Source records:

# # # #

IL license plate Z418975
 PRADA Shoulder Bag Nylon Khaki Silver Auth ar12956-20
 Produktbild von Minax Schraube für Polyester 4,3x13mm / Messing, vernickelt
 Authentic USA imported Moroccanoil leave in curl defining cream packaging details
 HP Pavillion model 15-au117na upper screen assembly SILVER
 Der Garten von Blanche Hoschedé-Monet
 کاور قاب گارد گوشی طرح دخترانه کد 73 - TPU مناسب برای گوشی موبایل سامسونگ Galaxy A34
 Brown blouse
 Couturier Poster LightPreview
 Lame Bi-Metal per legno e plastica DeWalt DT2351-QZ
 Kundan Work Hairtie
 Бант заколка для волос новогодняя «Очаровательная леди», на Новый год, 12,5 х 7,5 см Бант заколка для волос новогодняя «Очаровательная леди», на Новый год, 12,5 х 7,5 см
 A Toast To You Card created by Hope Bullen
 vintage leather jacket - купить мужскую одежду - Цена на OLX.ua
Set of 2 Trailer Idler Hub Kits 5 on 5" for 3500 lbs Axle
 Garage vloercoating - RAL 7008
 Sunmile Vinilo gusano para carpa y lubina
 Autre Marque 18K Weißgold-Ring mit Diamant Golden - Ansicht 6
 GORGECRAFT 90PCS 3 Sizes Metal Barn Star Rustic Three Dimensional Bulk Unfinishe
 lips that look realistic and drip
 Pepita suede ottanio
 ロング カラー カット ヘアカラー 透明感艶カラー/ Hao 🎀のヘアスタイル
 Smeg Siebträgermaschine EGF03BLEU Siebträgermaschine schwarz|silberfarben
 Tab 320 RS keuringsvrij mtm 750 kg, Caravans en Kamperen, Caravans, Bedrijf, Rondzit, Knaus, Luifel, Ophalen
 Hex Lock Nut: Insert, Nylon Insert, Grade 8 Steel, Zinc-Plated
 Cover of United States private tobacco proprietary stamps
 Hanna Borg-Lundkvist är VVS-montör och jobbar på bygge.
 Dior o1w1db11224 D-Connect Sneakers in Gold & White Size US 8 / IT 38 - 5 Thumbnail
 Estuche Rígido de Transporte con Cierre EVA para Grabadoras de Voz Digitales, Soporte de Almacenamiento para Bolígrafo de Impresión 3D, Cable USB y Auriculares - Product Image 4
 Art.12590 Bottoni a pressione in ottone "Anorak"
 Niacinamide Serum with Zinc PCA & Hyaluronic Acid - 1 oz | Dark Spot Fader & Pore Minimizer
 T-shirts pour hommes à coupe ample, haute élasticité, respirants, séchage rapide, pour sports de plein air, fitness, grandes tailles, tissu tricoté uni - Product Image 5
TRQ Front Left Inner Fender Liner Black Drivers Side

# # # #

Work request: From the records above, pull every line that has the string "Image" and copy it.

Answer to the problem:
 Estuche Rígido de Transporte con Cierre EVA para Grabadoras de Voz Digitales, Soporte de Almacenamiento para Bolígrafo de Impresión 3D, Cable USB y Auriculares - Product Image 4
 T-shirts pour hommes à coupe ample, haute élasticité, respirants, séchage rapide, pour sports de plein air, fitness, grandes tailles, tissu tricoté uni - Product Image 5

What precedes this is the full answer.